Text-to-region grounding data
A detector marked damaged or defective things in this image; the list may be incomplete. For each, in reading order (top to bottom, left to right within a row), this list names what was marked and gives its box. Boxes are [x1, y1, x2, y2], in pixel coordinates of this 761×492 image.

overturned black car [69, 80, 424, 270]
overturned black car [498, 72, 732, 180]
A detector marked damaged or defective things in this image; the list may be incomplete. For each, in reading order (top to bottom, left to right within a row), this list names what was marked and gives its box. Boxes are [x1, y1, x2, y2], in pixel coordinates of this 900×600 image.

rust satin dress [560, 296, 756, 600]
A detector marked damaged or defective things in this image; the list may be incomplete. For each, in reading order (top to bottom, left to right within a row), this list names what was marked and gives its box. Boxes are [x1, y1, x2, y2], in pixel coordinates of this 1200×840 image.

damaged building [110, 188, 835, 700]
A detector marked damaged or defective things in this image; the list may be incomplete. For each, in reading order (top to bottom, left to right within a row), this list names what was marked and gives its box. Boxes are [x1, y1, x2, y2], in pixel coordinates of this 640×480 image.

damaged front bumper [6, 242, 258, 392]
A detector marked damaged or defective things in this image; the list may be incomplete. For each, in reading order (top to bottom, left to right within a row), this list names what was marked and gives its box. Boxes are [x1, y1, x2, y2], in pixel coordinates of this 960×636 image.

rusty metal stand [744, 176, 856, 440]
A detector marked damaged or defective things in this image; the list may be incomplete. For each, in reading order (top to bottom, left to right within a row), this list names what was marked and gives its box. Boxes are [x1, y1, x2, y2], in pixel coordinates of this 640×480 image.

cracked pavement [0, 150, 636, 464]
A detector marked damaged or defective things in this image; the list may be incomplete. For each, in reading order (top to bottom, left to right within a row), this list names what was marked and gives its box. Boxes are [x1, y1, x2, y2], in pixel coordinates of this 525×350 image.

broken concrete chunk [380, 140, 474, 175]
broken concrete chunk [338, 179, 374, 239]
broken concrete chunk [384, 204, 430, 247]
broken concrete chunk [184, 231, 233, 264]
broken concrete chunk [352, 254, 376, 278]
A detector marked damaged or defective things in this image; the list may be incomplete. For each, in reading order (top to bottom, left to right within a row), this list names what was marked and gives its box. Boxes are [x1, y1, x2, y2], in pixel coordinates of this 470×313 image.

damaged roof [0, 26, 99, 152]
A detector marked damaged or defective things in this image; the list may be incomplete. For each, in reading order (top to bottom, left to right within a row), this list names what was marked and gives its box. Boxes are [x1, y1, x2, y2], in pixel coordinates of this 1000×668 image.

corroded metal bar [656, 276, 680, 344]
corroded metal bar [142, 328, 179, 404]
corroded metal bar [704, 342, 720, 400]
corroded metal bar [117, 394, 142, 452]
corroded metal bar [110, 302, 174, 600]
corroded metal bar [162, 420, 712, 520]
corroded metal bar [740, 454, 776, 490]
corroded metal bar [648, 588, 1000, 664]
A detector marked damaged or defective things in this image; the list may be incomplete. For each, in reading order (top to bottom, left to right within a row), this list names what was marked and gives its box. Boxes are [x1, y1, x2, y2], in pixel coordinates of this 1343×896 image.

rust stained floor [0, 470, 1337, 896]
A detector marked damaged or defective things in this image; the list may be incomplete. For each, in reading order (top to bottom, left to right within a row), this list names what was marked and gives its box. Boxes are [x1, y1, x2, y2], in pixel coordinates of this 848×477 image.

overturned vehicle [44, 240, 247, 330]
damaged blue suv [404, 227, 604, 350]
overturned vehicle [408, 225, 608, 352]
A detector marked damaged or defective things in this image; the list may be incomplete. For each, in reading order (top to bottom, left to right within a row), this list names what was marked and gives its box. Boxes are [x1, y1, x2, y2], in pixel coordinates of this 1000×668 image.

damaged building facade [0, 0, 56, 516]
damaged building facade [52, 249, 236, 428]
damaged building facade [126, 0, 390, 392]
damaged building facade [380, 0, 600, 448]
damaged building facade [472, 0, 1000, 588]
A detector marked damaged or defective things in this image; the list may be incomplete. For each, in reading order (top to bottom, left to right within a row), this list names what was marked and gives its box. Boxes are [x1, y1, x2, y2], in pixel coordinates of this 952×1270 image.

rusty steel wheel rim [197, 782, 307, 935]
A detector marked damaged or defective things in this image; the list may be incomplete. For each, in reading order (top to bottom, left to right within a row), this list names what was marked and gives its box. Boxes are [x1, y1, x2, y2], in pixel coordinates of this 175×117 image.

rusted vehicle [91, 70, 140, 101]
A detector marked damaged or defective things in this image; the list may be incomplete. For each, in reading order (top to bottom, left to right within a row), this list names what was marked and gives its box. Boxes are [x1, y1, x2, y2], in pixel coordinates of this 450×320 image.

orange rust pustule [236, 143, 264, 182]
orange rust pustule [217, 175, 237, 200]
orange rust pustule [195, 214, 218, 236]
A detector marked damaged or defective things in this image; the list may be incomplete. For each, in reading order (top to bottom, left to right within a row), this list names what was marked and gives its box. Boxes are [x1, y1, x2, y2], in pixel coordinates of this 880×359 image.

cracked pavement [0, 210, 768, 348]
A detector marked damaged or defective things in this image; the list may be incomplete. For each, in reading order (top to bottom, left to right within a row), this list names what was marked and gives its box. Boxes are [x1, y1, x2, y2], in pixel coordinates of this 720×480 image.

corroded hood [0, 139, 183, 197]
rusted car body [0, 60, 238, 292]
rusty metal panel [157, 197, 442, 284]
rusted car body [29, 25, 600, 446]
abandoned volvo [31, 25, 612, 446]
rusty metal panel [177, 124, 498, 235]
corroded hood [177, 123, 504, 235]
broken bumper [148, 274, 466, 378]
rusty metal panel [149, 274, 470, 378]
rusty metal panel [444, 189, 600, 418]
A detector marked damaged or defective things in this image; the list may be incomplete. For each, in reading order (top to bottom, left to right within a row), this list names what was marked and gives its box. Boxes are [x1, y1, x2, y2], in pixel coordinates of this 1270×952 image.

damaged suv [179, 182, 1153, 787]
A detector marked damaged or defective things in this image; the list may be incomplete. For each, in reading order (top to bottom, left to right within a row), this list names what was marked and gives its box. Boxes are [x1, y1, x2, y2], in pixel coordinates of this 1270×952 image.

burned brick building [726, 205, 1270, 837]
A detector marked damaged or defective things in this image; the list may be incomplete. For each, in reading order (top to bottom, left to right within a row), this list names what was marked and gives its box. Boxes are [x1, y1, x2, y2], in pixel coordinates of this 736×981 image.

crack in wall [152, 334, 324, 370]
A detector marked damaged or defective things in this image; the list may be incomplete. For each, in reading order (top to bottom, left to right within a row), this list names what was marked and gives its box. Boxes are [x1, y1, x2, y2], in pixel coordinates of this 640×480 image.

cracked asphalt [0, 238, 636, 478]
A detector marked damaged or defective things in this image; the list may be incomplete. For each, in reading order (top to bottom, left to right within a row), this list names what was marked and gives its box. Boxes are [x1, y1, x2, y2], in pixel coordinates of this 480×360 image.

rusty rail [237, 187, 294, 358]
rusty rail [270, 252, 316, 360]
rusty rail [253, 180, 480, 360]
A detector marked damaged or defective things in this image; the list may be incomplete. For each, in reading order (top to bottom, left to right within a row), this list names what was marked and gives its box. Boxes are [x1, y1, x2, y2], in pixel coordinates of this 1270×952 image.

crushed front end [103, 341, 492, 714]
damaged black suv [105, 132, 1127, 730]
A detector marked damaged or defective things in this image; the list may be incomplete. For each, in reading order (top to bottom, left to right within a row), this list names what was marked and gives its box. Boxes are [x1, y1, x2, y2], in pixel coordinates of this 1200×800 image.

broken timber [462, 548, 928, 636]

What you will do: Word for word, restate all of the records.

Solution to the exercise:
A detector marked damaged or defective things in this image; the list may be incomplete. For each, in reading order (top to bottom, left to right within a row), this list names what was marked and gives its box. Boxes are [x1, y1, x2, y2], in pixel coordinates of this 761×492 image.

overturned black car [69, 80, 424, 270]
overturned black car [498, 72, 732, 180]
A detector marked damaged or defective things in this image; the list may be incomplete. For each, in reading order (top to bottom, left to right within a row), this list names what was marked and gives its box. Boxes are [x1, y1, x2, y2], in pixel coordinates of this 900×600 image.

rust satin dress [560, 296, 756, 600]
A detector marked damaged or defective things in this image; the list may be incomplete. For each, in reading order (top to bottom, left to right within a row), this list names what was marked and gives its box. Boxes are [x1, y1, x2, y2], in pixel coordinates of this 1200×840 image.

damaged building [110, 188, 835, 700]
A detector marked damaged or defective things in this image; the list may be incomplete. For each, in reading order (top to bottom, left to right within a row), this list names what was marked and gives its box. Boxes are [x1, y1, x2, y2], in pixel coordinates of this 640×480 image.

damaged front bumper [6, 242, 258, 392]
A detector marked damaged or defective things in this image; the list may be incomplete. For each, in reading order (top to bottom, left to right within a row), this list names what was marked and gives its box. Boxes are [x1, y1, x2, y2], in pixel coordinates of this 960×636 image.

rusty metal stand [744, 176, 856, 440]
A detector marked damaged or defective things in this image; the list may be incomplete. For each, in reading order (top to bottom, left to right within a row), this list names what was marked and gives its box. Boxes are [x1, y1, x2, y2], in pixel coordinates of this 640×480 image.

cracked pavement [0, 150, 636, 464]
A detector marked damaged or defective things in this image; the list may be incomplete. For each, in reading order (top to bottom, left to right within a row), this list names what was marked and gives its box. Boxes are [x1, y1, x2, y2], in pixel coordinates of this 525×350 image.

broken concrete chunk [380, 140, 474, 175]
broken concrete chunk [338, 179, 374, 239]
broken concrete chunk [384, 204, 430, 247]
broken concrete chunk [184, 231, 233, 264]
broken concrete chunk [352, 254, 376, 278]
A detector marked damaged or defective things in this image; the list may be incomplete. For each, in reading order (top to bottom, left to right within a row), this list names what was marked and gives its box. Boxes are [x1, y1, x2, y2], in pixel coordinates of this 470×313 image.

damaged roof [0, 26, 99, 152]
A detector marked damaged or defective things in this image; the list may be incomplete. For each, in reading order (top to bottom, left to right within a row), this list names what was marked and gives its box. Boxes are [x1, y1, x2, y2], in pixel coordinates of this 1000×668 image.

corroded metal bar [656, 276, 680, 344]
corroded metal bar [142, 328, 179, 404]
corroded metal bar [704, 342, 720, 400]
corroded metal bar [117, 394, 142, 452]
corroded metal bar [110, 302, 174, 600]
corroded metal bar [162, 420, 712, 520]
corroded metal bar [740, 454, 776, 490]
corroded metal bar [648, 588, 1000, 664]
A detector marked damaged or defective things in this image; the list may be incomplete. For each, in reading order (top to bottom, left to right within a row), this list names what was marked and gives its box. Boxes are [x1, y1, x2, y2], in pixel coordinates of this 1343×896 image.

rust stained floor [0, 470, 1337, 896]
A detector marked damaged or defective things in this image; the list may be incomplete. For each, in reading order (top to bottom, left to right within a row), this list names what was marked and gives its box. Boxes are [x1, y1, x2, y2], in pixel coordinates of this 848×477 image.

overturned vehicle [44, 240, 247, 330]
damaged blue suv [404, 227, 604, 350]
overturned vehicle [408, 225, 608, 352]
A detector marked damaged or defective things in this image; the list may be incomplete. For each, in reading order (top to bottom, left to right within a row), this list names what was marked and gives its box. Boxes are [x1, y1, x2, y2], in pixel coordinates of this 1000×668 image.

damaged building facade [0, 0, 56, 516]
damaged building facade [52, 249, 236, 428]
damaged building facade [126, 0, 390, 392]
damaged building facade [380, 0, 600, 448]
damaged building facade [472, 0, 1000, 588]
A detector marked damaged or defective things in this image; the list may be incomplete. For each, in reading order (top to bottom, left to right within a row), this list names what was marked and gives its box. Boxes are [x1, y1, x2, y2], in pixel coordinates of this 952×1270 image.

rusty steel wheel rim [197, 782, 307, 935]
A detector marked damaged or defective things in this image; the list may be incomplete. For each, in reading order (top to bottom, left to right within a row), this list names what was marked and gives its box. Boxes are [x1, y1, x2, y2], in pixel coordinates of this 175×117 image.

rusted vehicle [91, 70, 140, 101]
A detector marked damaged or defective things in this image; the list may be incomplete. For each, in reading order (top to bottom, left to right within a row), this list names what was marked and gives its box. Boxes are [x1, y1, x2, y2], in pixel coordinates of this 450×320 image.

orange rust pustule [236, 143, 264, 182]
orange rust pustule [217, 175, 237, 200]
orange rust pustule [195, 214, 218, 236]
A detector marked damaged or defective things in this image; the list may be incomplete. For each, in reading order (top to bottom, left to right within a row), this list names what was marked and gives its box. Boxes are [x1, y1, x2, y2], in pixel coordinates of this 880×359 image.

cracked pavement [0, 210, 768, 348]
A detector marked damaged or defective things in this image; the list may be incomplete. For each, in reading order (top to bottom, left to right within a row), this list names what was marked and gives its box. Boxes are [x1, y1, x2, y2], in pixel coordinates of this 720×480 image.

corroded hood [0, 139, 183, 197]
rusted car body [0, 60, 238, 292]
rusty metal panel [157, 197, 442, 284]
rusted car body [29, 25, 600, 446]
abandoned volvo [31, 25, 612, 446]
rusty metal panel [177, 124, 498, 235]
corroded hood [177, 123, 504, 235]
broken bumper [148, 274, 466, 378]
rusty metal panel [149, 274, 470, 378]
rusty metal panel [444, 189, 600, 418]
A detector marked damaged or defective things in this image; the list may be incomplete. For each, in reading order (top to bottom, left to right within a row), this list names what was marked and gives its box. Boxes are [x1, y1, x2, y2], in pixel coordinates of this 1270×952 image.

damaged suv [179, 182, 1153, 787]
A detector marked damaged or defective things in this image; the list may be incomplete. For each, in reading order (top to bottom, left to right within a row), this list names what was marked and gives its box. Boxes are [x1, y1, x2, y2], in pixel coordinates of this 1270×952 image.

burned brick building [726, 205, 1270, 837]
A detector marked damaged or defective things in this image; the list may be incomplete. For each, in reading order (top to bottom, left to right within a row), this list names what was marked and gives its box. Boxes are [x1, y1, x2, y2], in pixel coordinates of this 736×981 image.

crack in wall [152, 334, 324, 370]
A detector marked damaged or defective things in this image; the list may be incomplete. For each, in reading order (top to bottom, left to right within a row), this list names what was marked and gives its box. Boxes are [x1, y1, x2, y2], in pixel coordinates of this 640×480 image.

cracked asphalt [0, 238, 636, 478]
A detector marked damaged or defective things in this image; the list may be incomplete. For each, in reading order (top to bottom, left to right within a row), this list names what was marked and gives its box. Boxes are [x1, y1, x2, y2], in pixel coordinates of this 480×360 image.

rusty rail [237, 187, 294, 358]
rusty rail [270, 252, 316, 360]
rusty rail [253, 180, 480, 360]
A detector marked damaged or defective things in this image; the list may be incomplete. For each, in reading order (top to bottom, left to right within a row), this list names what was marked and gives its box. Boxes are [x1, y1, x2, y2], in pixel coordinates of this 1270×952 image.

crushed front end [103, 341, 492, 714]
damaged black suv [105, 132, 1127, 730]
A detector marked damaged or defective things in this image; the list may be incomplete. For each, in reading order (top to bottom, left to right within a row), this list names what was marked and gives its box. Boxes are [x1, y1, x2, y2], in pixel coordinates of this 1200×800 image.

broken timber [462, 548, 928, 636]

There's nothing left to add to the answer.